Task description: Only what runs from the line with "A man and a" to the end of the data should appear in the answer, exactly as written and without pictures.

Available data:
----
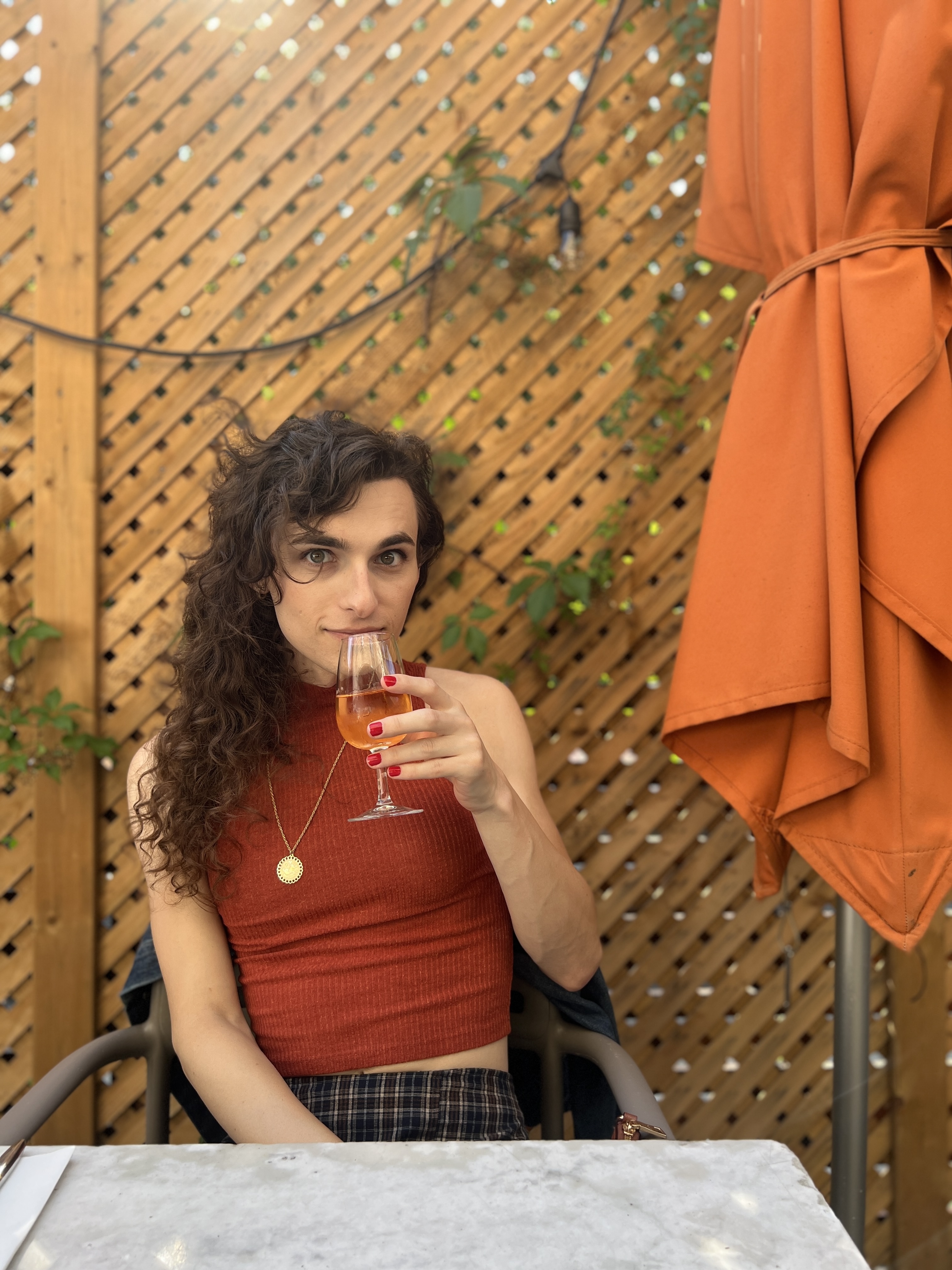 Drew a white woman with long curly hair is wearing a plaid skirt maybe and a rust colored sleeveless top. she outside sipping on either orange wine or an aperol spritz and looking at the camera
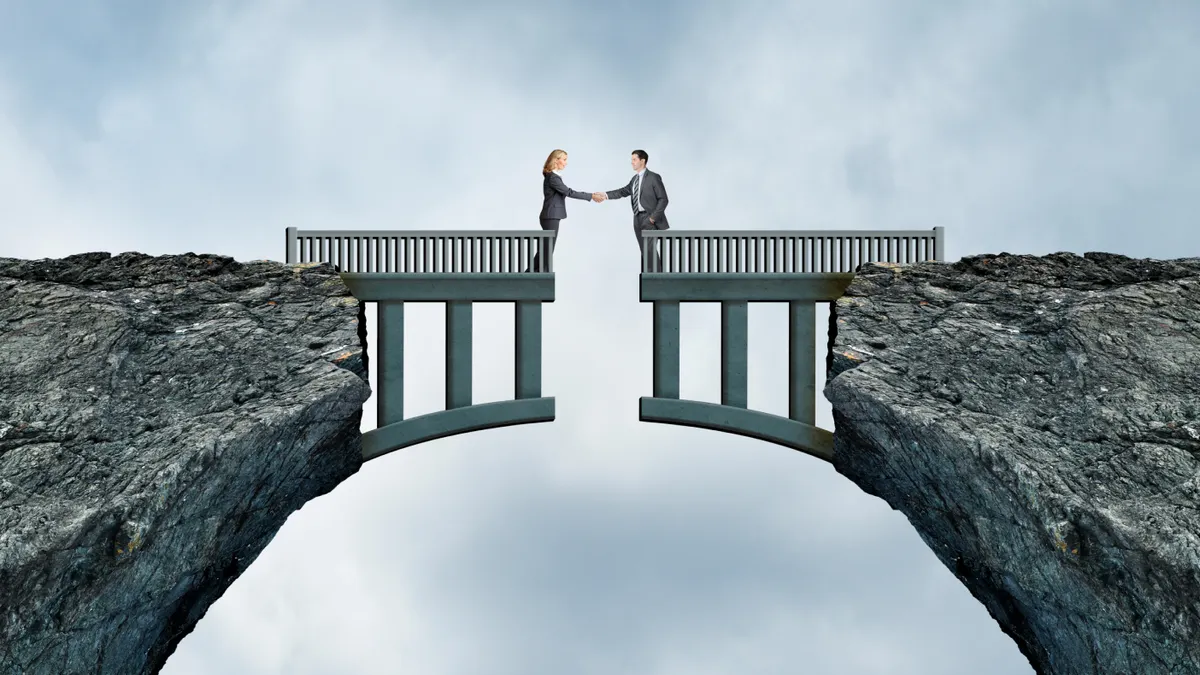 A man and a woman shake hands as they stand on opposite sides of a bridge separated by a missing gap.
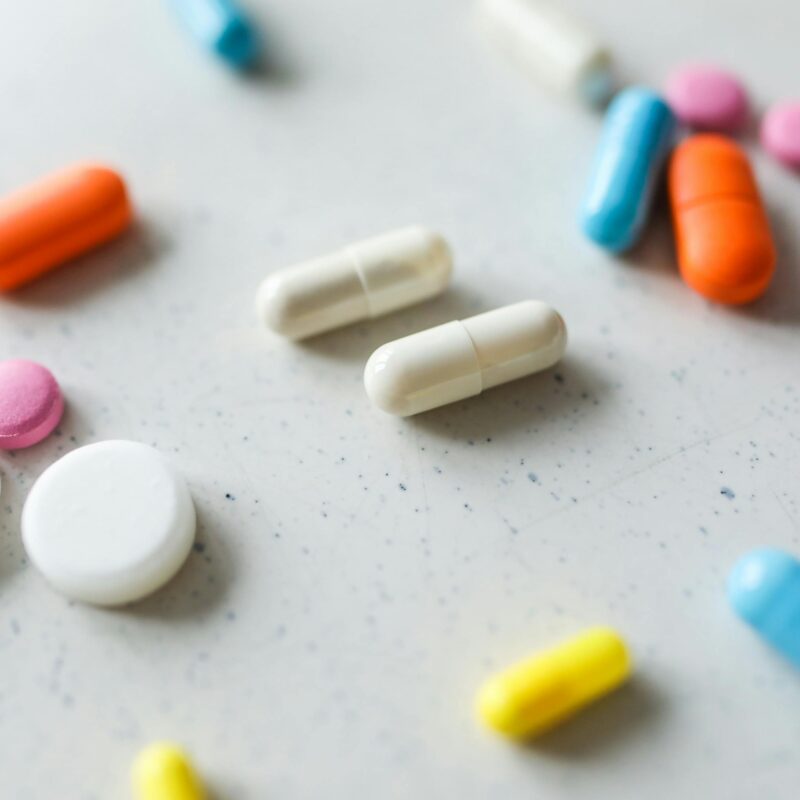 article banner of various supplements and pills on a table.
----
Result for this task:
 A man and a woman shake hands as they stand on opposite sides of a bridge separated by a missing gap.
 article banner of various supplements and pills on a table.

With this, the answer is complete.